Xiaolongbao, that tender invention often mistranslated as “soup dumpling,” has always seemed
to me less a food than a small ceremony of remembrance—something that rises with steam and
disappears with warmth. Its history drifts back to the late Qing, whispered to have begun in
Nanxiang, a small town near Shanghai, where a cook, perhaps out of hunger or boredom,
discovered how to hide a mouthful of broth inside a fragile shell by folding chilled meat aspic
into dough so thin it caught the light. Once steamed, the broth melted within, like snow
surrendering to river, like grief turning quietly into sustenance. Through generations it
traveled—passed from shop to shop, table to table, folded in the hands of grandmothers who no
longer prayed but folded instead, as if the pleats themselves were a wordless devotion.
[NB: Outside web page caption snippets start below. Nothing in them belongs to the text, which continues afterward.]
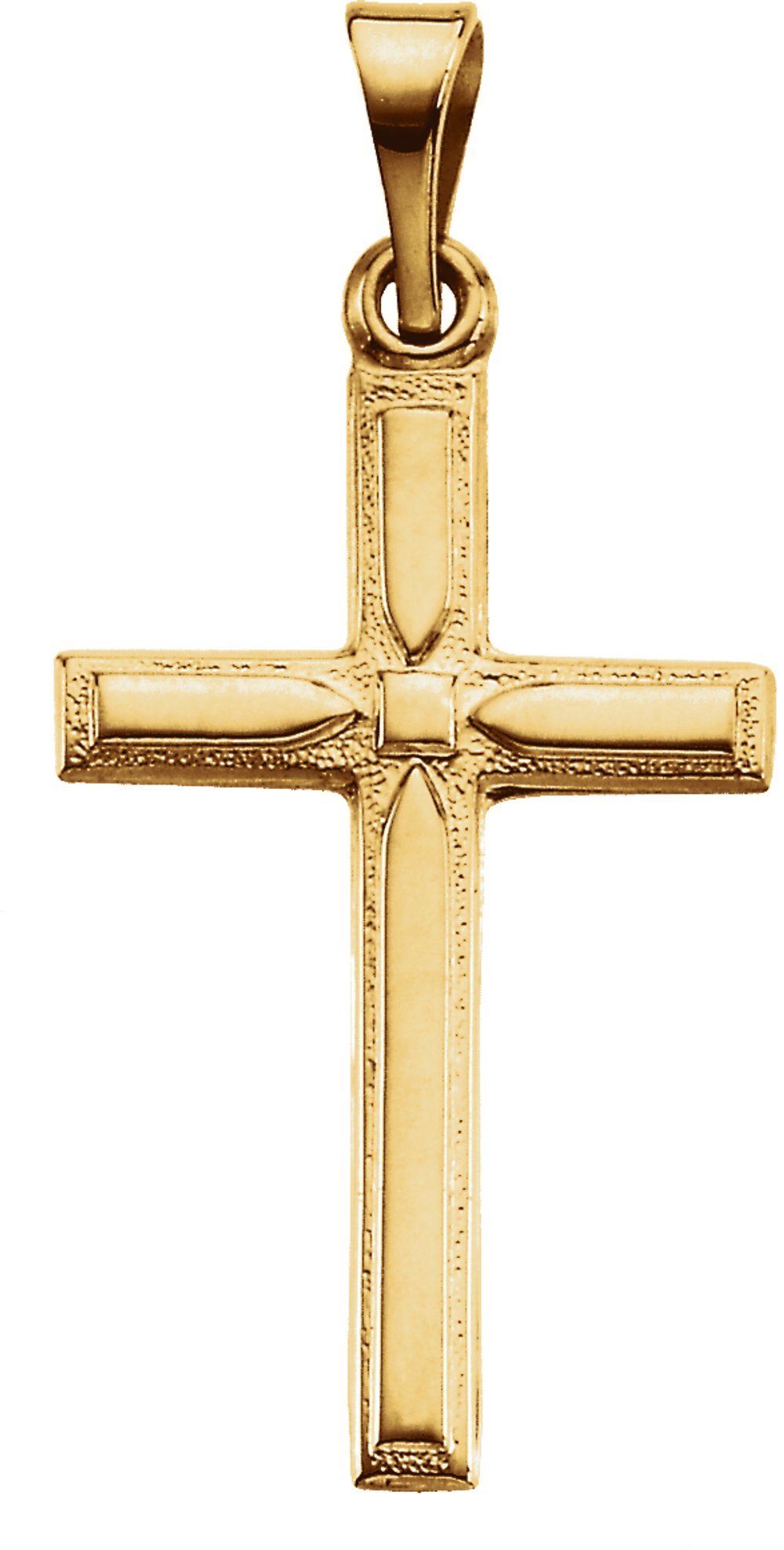 14K Yellow Gold 19x12.5 mm Cross Pendant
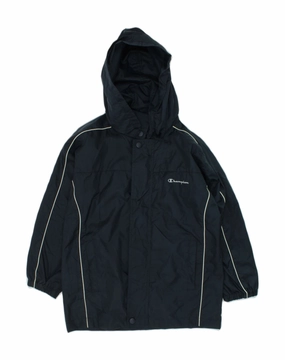 CHAMPION Boys Hooded Rain Jacket 7-8 Years Navy Blue Polyester AbrasionResistant Edging High Neck
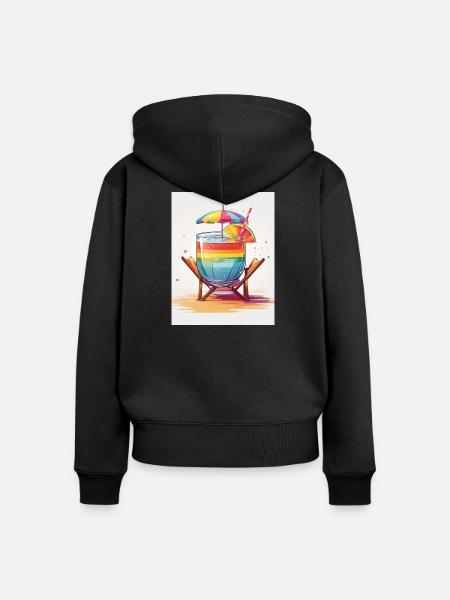 Regenbogen-Cocktail - Frauen Premium Bio Zip Hoodie - Schwarz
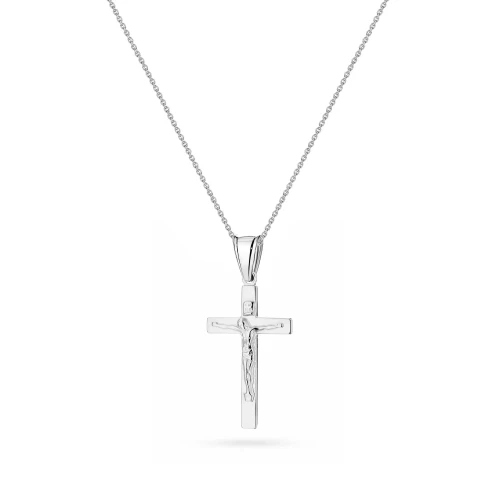 Srebrny komplet zawieszka krzyżyk z Jezusem na łańcuszku D560-925-S-L022 marko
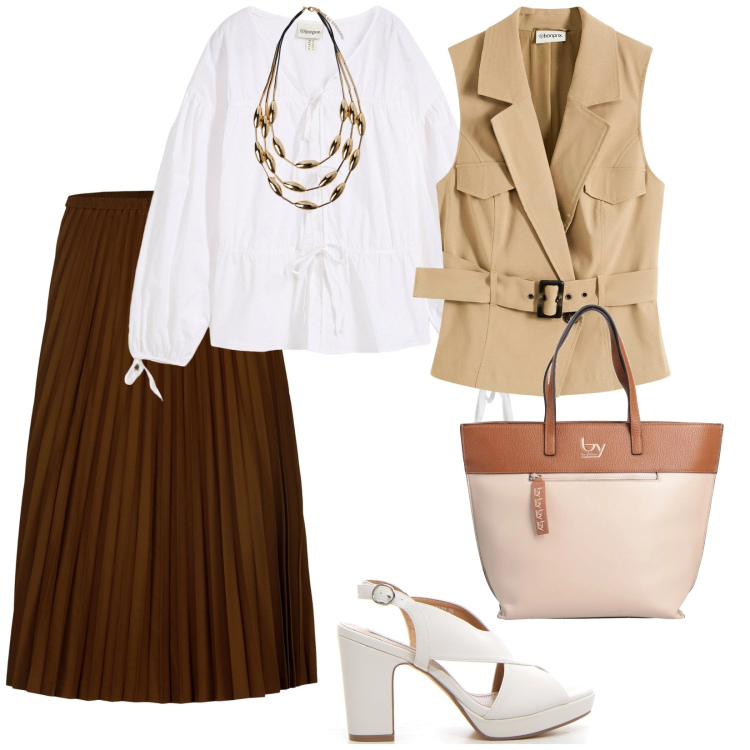 Outfit donna - A lavoro. per Ufficio. Abbinamento con gilet, bluse, borse a mano, gonne longuette, sandali col tacco, collane.
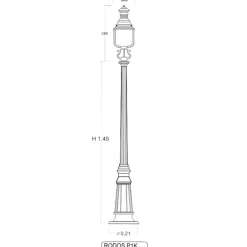 Standleuchte mit Guss-Mast Hamburg 30.Rodos P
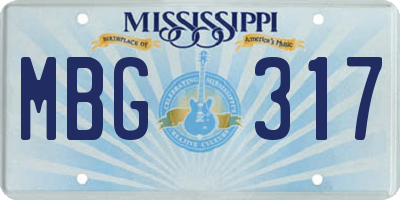 MS license plate MBG317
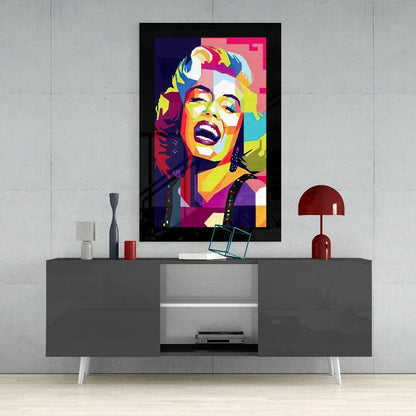 Vibrant pop art Marilyn Monroe glass wall art in black frame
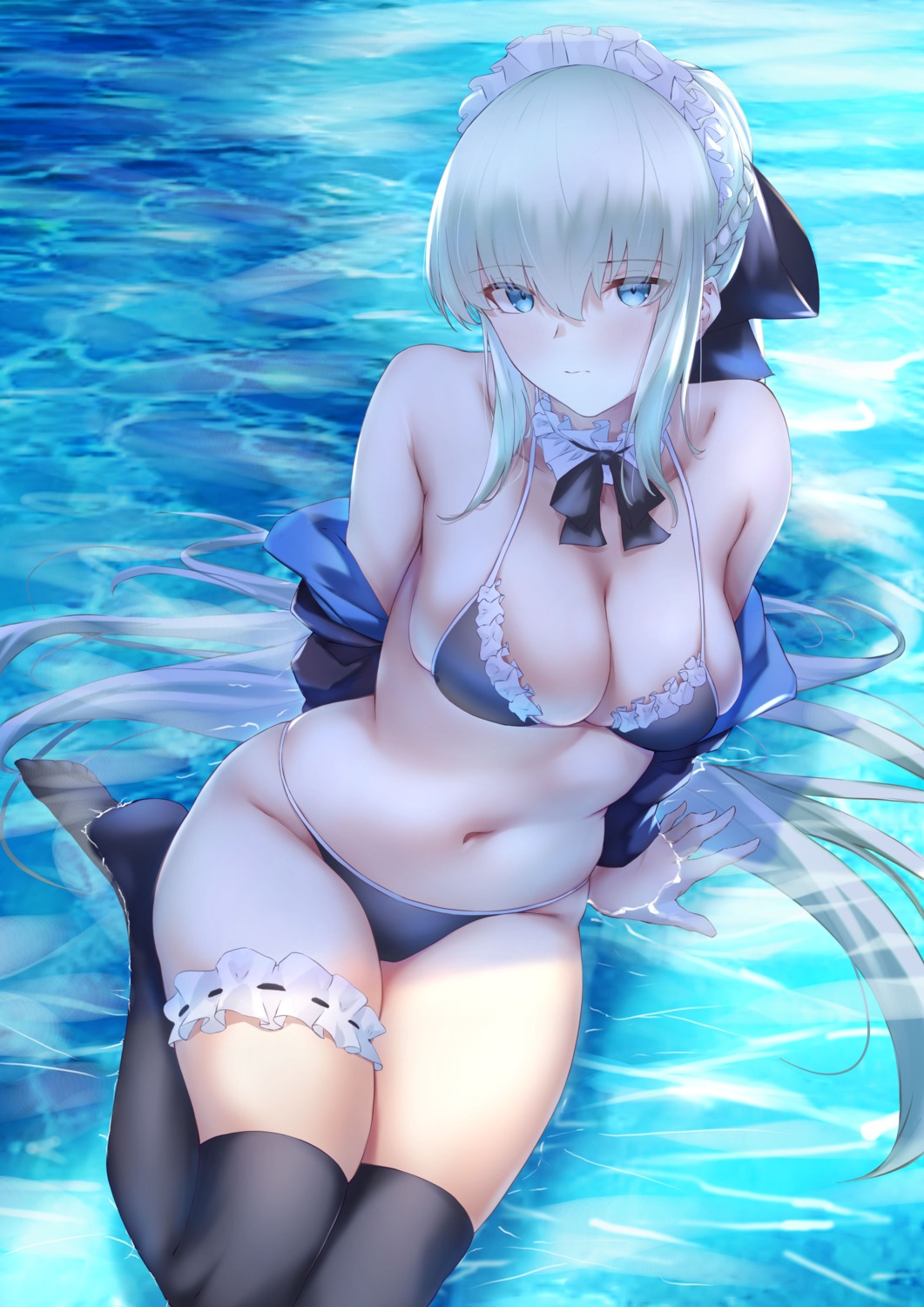 artist_revision bikini fate/grand_order garter morgan_le_fay_(fate) okuma707 saber saber_alter swimsuits thighhighs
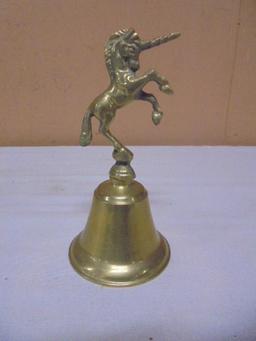 Vintage Solid Brass Bell w/ Unicorn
I imagine each Xiaolongbao holding the warmth of invisible hands—someone’s mother,
someone’s father, someone’s sorrow carefully kneaded into tenderness. In the diaspora, it travels
differently now, sealed in frost-bitten bags or plated with truffle oil under the dim light of
restaurants that mispronounce its name. But in homes like mine, it still bears a meaning untranslatable. It is the quiet meal shared by two people sitting across from each other. It is love
that refuses speech. It is the instinct to offer, even when offering is all that remains.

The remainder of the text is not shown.